Define
$$C_k = \{n \in \mathbb{Z}: n > \max(k, 0) \text{ }\text{and}\text{ }a^{n - k + 1} \equiv a \pmod{n} \text{ }\text{for all} \text{ } a \in \mathbb{Z}\}$$
Thus it's easy to see that when $k = 1$, $C_1$ consists of all of the prime numbers and Carmichael numbers.
Now for squarefree $k \geqslant 1$, we define the generalized Carmichael numbers as
$$N_k = C_k - \left\{kp: p \equiv 1 \mod{\left(\dfrac{\lambda(k)}{\gcd(\lambda(k), k)}\right)} \right\} $$
where $\lambda(k)$ is the Carmichael function. For the other values of $k$, we let $N_k = C_k$.

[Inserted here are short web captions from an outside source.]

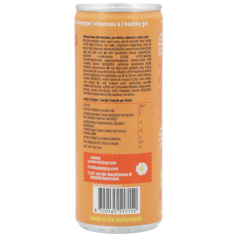 Supporting Stress Relief Mango & Kamille - 250ml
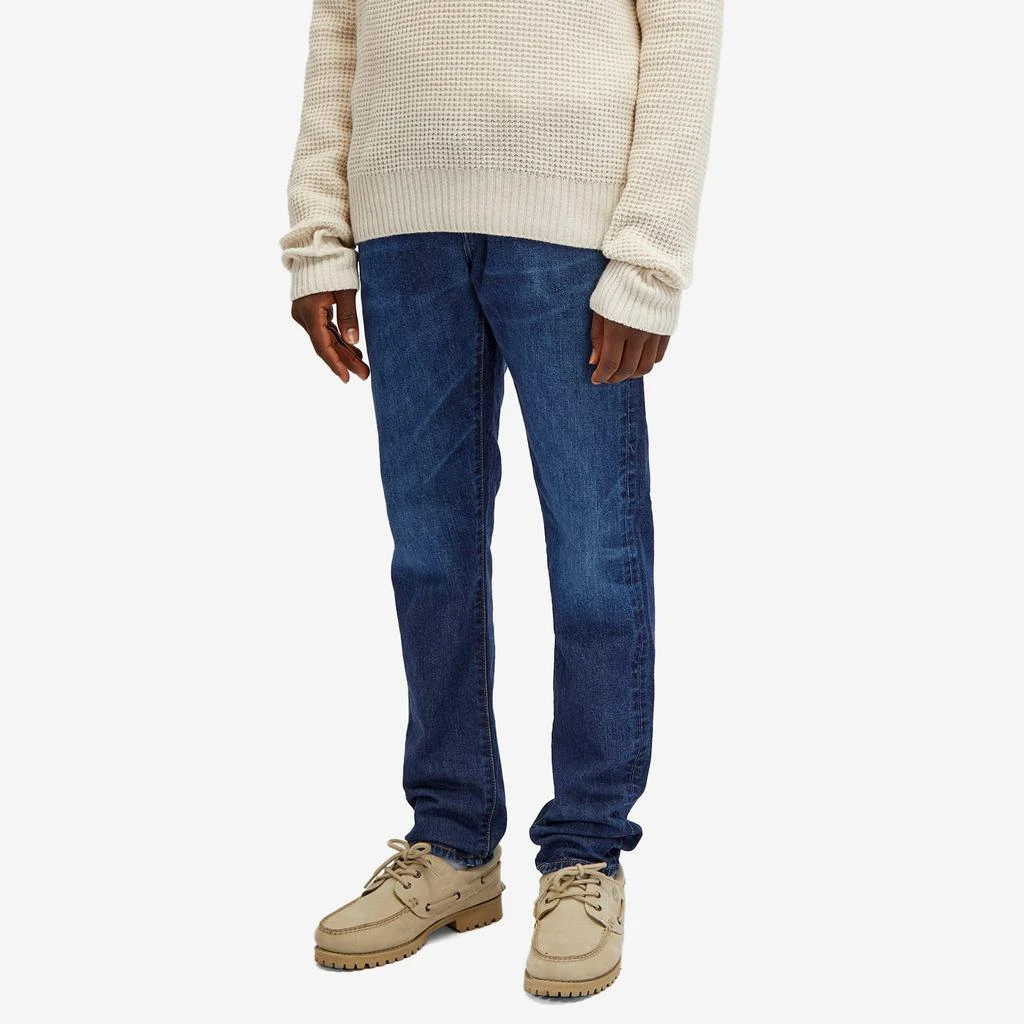 Edwin Edwin Slim Tapered Jeans 2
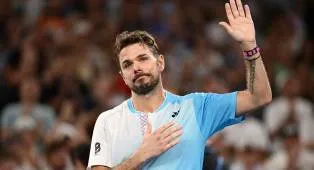 Bagi Stan Wawrinka, Tanpa Penyesalan Adalah Cara Tinggalkan Dunia Olahraga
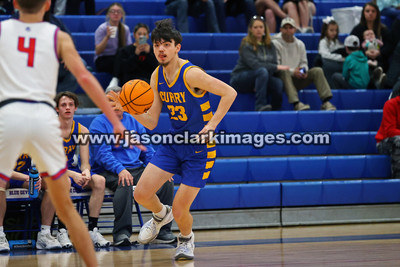 AHSAA: Walker County Basketball Tournament
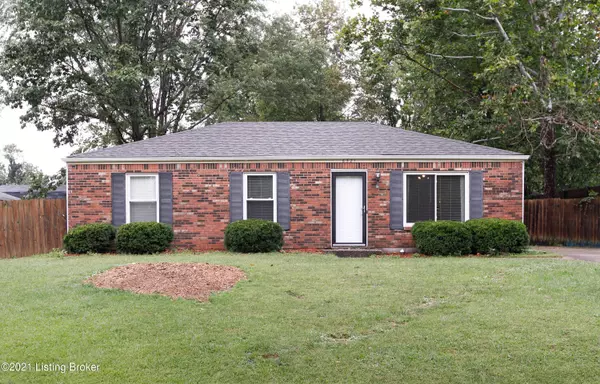 6521 Manassas Dr, Pewee Valley, KY 40056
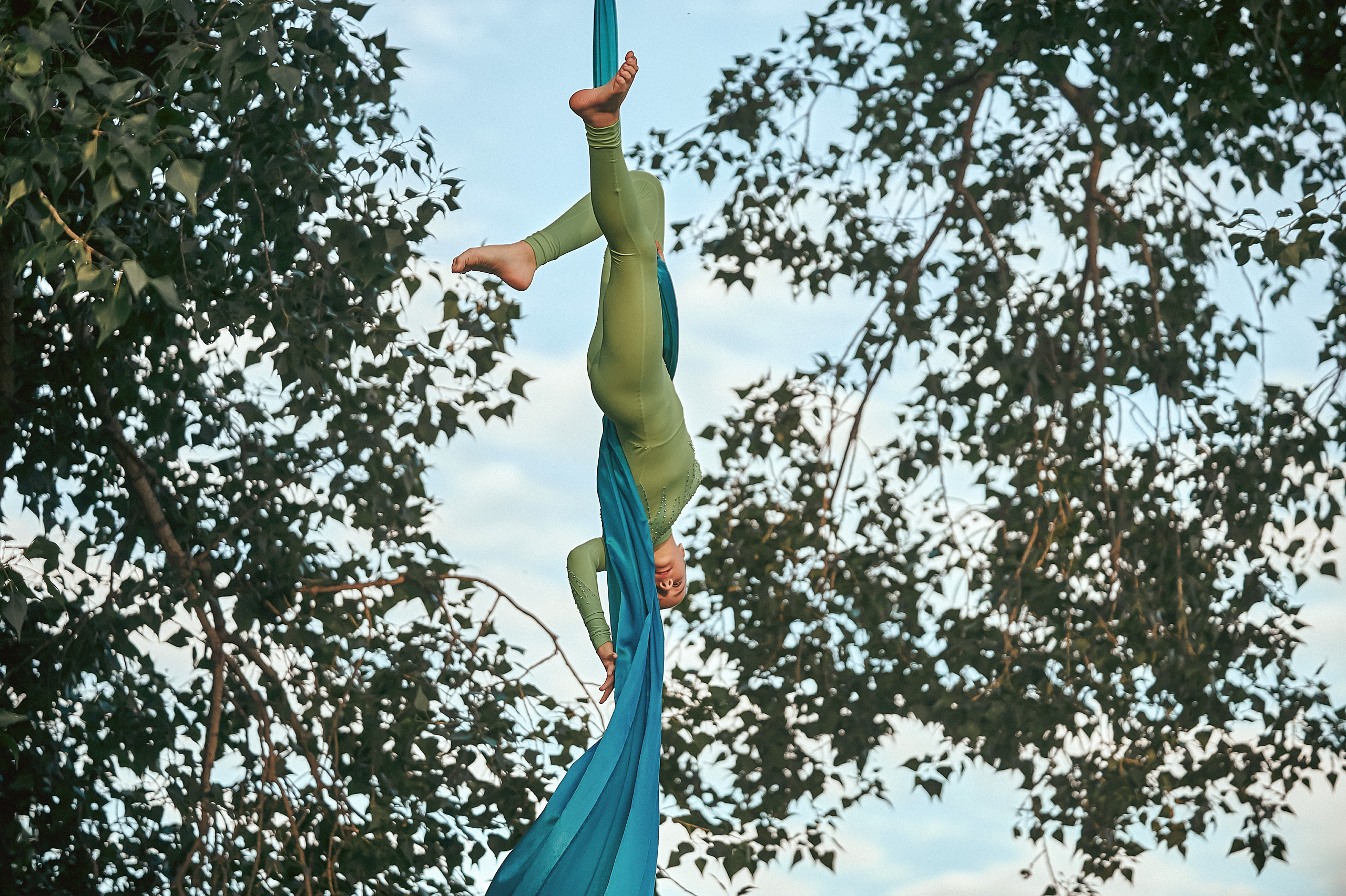 Портфолио репортажной фотосъёмки: Школа аэробики "Rise studio" на ост.Татышева. Фотограф Яковлев Роман — Красноярск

Notice that $N_1$ coincides with the set of Carmichael numbers. We interpret $N_k$ as a type of generalized Carmichael numbers since they do not exhibit a nice pattern with respect to the set of primes.
Next, we consider the growth rate of the counting functions
$$C_k(X) \text{ } = \text{ }\mid C_k \text{ } \cap \text{ } (0,X\text{}] \text{ } \mid \quad \text{and} \quad N_k(X) \text{ } = \text{ }\mid N_k \text{ } \cap \text{ } (0,X\text{}] \text{ } \mid $$
Now my conjecture is as follows: For all $k \in \mathbb{Z}$, we have
$$\lim_{X \to \infty} \dfrac{N_{-k}}{N_{k}} = 1$$
I have tested this conjectures by Graphing. I have also observed that for the same value of $X$, $N_k(X)$ tends to be bigger when k is squarefree and has many prime factors. I don't have any rigorous proof for the same. Any Idea how to prove it? Thanks.